Processo Familiar

Guarda alternada ou guarda compartilhada com duas residências?

Autor

  • Mário Luiz Delgado

    é doutor em Direito Civil pela USP mestre em Direito Civil Comparado pela PUC-SP especialista em Direito Processual Civil pela Universidade Federal de Pernambuco professor de Direito Civil na Escolas da Magistratura e da Advocacia diretor do Instituto dos Advogados de São Paulo (Iasp) presidente da Comissão de Assuntos Legislativos do IBDFam membro da Academia Brasileira de Direito Civil (ABDC) ex-assessor na Câmara dos Deputados da relatoria-geral do projeto de lei que deu origem ao novo Código Civil Brasileiro autor e co-autor de livros e artigos jurídicos.

23 de dezembro de 2018, 7h00

Spacca
O Código Civil brasileiro faz alusão a apenas duas modalidades de guarda: a guarda unilateral, caracterizada pelo exercício exclusivo ou prioritário das responsabilidades parentais; e a guarda compartilhada, por meio da qual aquelas responsabilidades são repartidas conjuntamente por ambos os genitores. Não vou aludir aqui à guarda estatutária, disposta nos artigos 33 a 35 do ECA.

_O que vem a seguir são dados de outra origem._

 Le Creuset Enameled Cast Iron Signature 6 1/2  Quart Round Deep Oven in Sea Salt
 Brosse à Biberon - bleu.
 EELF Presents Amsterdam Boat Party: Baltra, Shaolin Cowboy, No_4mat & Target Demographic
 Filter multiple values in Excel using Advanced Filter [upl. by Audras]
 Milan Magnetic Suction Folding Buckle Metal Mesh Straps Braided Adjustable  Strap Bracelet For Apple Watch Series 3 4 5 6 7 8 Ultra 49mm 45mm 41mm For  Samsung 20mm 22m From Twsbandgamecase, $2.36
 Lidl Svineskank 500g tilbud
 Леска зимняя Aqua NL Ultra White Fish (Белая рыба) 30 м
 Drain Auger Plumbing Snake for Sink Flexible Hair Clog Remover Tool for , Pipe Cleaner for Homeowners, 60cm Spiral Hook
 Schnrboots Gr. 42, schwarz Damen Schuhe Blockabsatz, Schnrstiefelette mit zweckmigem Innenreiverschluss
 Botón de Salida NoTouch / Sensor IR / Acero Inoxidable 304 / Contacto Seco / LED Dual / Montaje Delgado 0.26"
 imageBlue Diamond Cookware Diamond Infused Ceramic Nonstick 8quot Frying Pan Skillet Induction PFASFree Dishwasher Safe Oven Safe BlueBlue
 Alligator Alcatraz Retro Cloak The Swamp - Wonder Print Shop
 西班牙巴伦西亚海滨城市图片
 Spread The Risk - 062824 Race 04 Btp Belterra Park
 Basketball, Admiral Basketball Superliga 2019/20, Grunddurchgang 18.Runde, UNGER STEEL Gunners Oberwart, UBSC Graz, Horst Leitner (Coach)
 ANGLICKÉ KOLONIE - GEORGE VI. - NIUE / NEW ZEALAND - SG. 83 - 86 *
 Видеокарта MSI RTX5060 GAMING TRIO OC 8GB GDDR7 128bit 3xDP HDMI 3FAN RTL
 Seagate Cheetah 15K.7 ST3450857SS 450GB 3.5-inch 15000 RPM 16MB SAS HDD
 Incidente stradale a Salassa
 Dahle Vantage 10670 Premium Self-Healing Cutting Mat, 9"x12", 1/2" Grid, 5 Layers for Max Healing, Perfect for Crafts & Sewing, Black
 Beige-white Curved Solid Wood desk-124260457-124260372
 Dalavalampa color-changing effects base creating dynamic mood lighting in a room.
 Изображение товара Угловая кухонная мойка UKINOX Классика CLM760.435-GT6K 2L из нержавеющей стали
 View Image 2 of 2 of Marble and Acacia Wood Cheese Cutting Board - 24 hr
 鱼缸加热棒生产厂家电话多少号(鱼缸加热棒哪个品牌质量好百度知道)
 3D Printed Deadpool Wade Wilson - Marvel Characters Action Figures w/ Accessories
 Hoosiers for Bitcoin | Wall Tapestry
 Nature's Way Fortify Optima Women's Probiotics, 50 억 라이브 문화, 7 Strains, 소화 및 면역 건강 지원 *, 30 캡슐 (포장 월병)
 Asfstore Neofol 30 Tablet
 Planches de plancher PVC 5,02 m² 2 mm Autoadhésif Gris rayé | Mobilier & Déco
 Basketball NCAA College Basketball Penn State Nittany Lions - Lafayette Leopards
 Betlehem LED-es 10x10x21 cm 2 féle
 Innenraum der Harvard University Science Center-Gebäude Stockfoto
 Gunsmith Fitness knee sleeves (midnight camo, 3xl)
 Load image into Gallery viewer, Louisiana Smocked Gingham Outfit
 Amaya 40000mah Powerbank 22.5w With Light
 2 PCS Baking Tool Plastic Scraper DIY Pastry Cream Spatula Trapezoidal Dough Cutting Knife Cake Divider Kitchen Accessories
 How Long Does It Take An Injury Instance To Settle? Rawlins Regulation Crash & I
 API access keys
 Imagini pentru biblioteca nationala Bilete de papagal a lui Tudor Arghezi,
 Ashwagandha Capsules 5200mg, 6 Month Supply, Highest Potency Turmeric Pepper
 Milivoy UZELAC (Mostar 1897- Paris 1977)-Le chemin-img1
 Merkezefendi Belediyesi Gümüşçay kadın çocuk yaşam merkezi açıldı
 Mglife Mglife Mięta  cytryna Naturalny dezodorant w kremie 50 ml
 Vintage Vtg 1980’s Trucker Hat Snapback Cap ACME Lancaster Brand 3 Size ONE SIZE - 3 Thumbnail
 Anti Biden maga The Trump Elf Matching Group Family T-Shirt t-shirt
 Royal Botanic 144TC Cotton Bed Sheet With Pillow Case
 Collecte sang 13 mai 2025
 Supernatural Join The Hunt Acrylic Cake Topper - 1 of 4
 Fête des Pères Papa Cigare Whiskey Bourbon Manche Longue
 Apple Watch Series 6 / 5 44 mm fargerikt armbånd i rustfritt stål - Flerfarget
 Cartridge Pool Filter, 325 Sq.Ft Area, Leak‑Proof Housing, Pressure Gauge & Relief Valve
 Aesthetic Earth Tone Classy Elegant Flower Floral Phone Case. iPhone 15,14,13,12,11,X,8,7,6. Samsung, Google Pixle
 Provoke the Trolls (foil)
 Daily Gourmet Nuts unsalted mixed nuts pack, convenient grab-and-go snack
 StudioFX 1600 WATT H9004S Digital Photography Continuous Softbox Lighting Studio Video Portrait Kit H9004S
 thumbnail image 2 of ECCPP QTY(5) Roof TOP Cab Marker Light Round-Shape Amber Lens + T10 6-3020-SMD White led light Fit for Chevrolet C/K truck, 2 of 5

Além da guarda unilateral e da guarda compartilhada, existe, ainda, a guarda de nidação ou “aninhamento”, que não encontra previsão no ordenamento jurídico pátrio e é caracterizada pela permanência dos filhos na mesma residência em que vivia o casal antes do divórcio. Os pais se retiram de casa e retornam em períodos fixos pré-estabelecidos, de modo que a criança não tem qualquer alteração em sua rotina espacial. Apesar de não regulada, não existe vedação legal a que essa modalidade de guarda seja adotada no Brasil, desde que haja consenso entre os genitores, especialmente em razão dos altos custos financeiros, uma vez que os pais estarão envolvidos no custeio de três residências.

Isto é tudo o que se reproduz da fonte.